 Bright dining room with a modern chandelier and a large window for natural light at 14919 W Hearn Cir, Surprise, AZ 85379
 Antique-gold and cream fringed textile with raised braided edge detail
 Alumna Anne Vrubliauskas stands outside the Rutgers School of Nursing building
────────────────────────────────────────
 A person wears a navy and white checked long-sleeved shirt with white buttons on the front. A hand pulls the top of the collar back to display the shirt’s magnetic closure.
────────────────────────────────────────
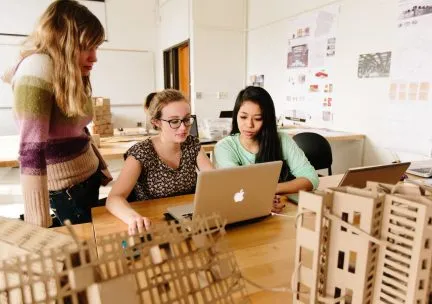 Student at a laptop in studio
────────────────────────────────────────
» **PROBLEM STATEMENT**:
Everything from the line containing "Bright dining room" through the line containing "Alumna Anne Vrubliauskas" in the material above should be retyped exactly, both ends included, and nothing more.

» **REPLY TO THE TASK**:
 Bright dining room with a modern chandelier and a large window for natural light at 14919 W Hearn Cir, Surprise, AZ 85379
 Antique-gold and cream fringed textile with raised braided edge detail
 Alumna Anne Vrubliauskas stands outside the Rutgers School of Nursing building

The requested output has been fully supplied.